Excerpts from a dataset:
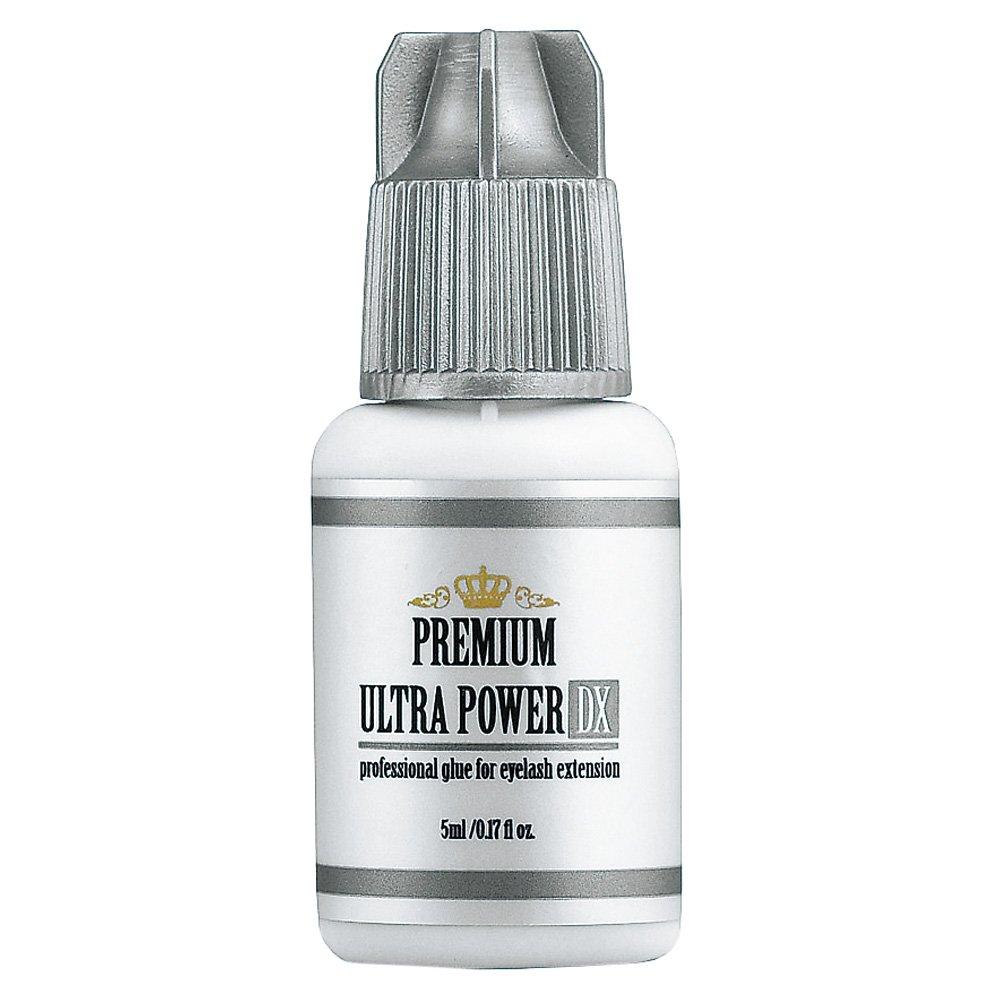 

Eyelash extensions glue ultra power DX glue 5mL eyelash extensions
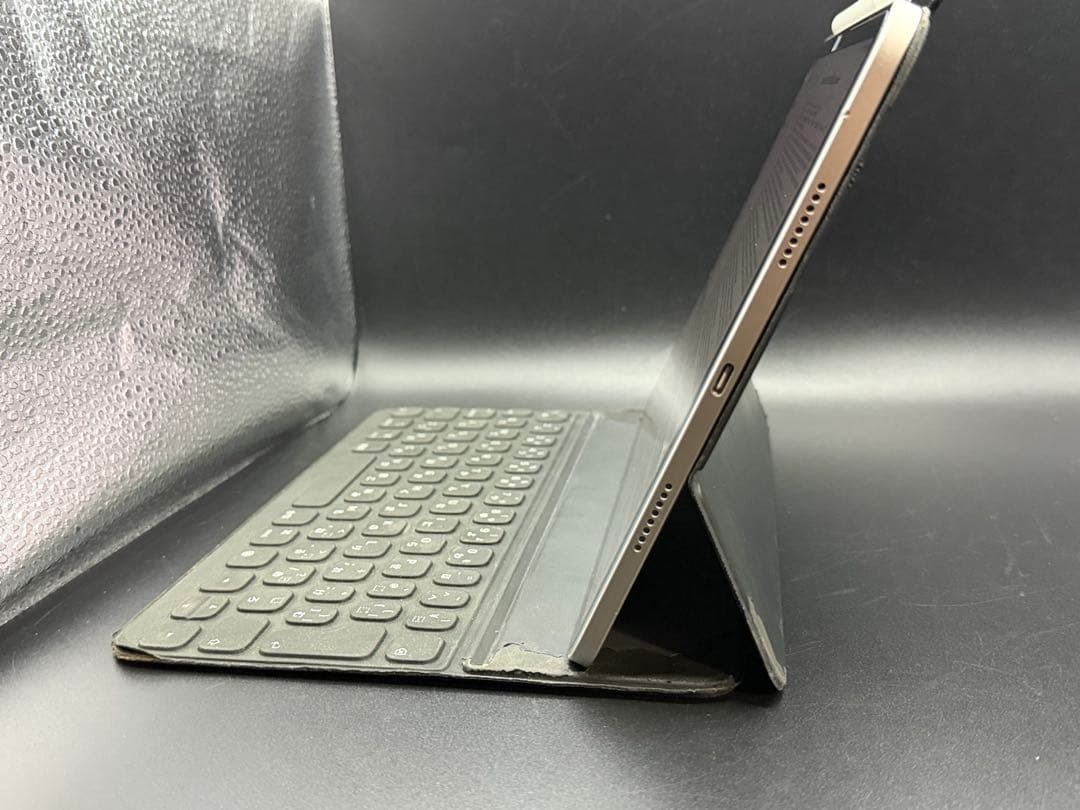 100%ipadpro M1アップルAIアップル純正キーボード保護シートペン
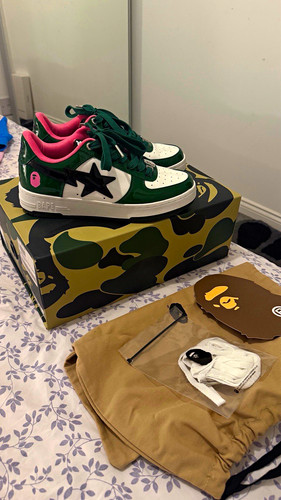 Bathing ape bape sta 1 - bape,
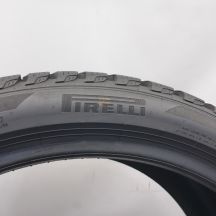 5. 225 40 18 2x PIRELLI 225/40 R18  92V XL Powergy Winterreifen 2025 8,8mm WIE NEU 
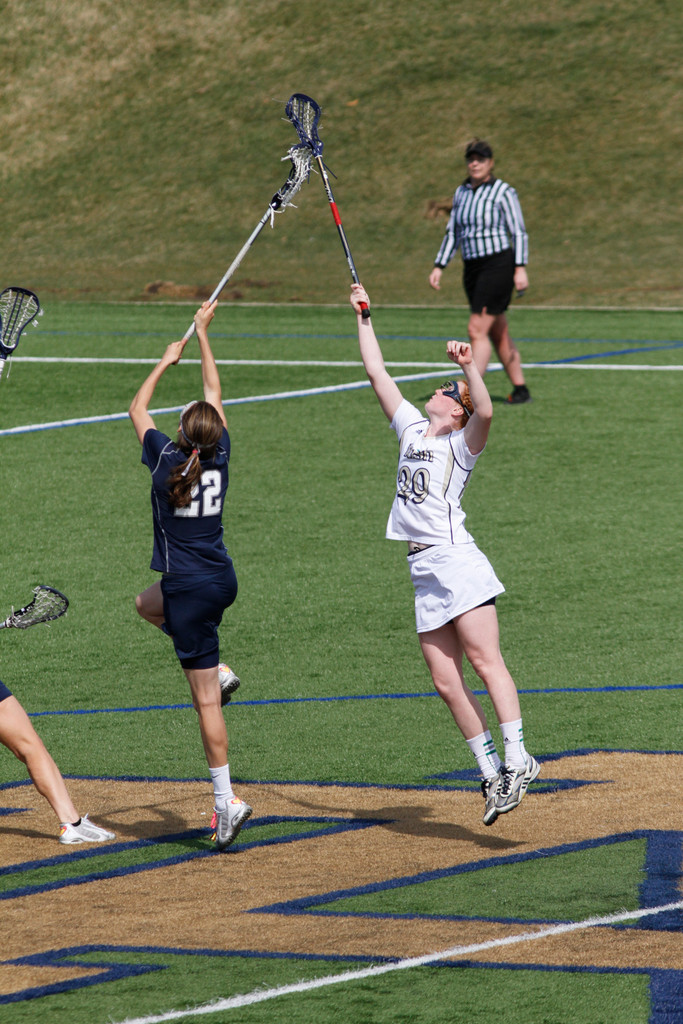 Women's Lacrosse vs. Georgetown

TASK STATEMENT:
No pictures belong in the output. It should reproduce exactly the lines from the one containing "100%ipadpro M1アップルAIアップル純正キーボード保護シートペン" through the end of the data, both ends included.

ANSWER TO THIS PROBLEM:
 100%ipadpro M1アップルAIアップル純正キーボード保護シートペン
 Bathing ape bape sta 1 - bape,
 5. 225 40 18 2x PIRELLI 225/40 R18  92V XL Powergy Winterreifen 2025 8,8mm WIE NEU 
 Women's Lacrosse vs. Georgetown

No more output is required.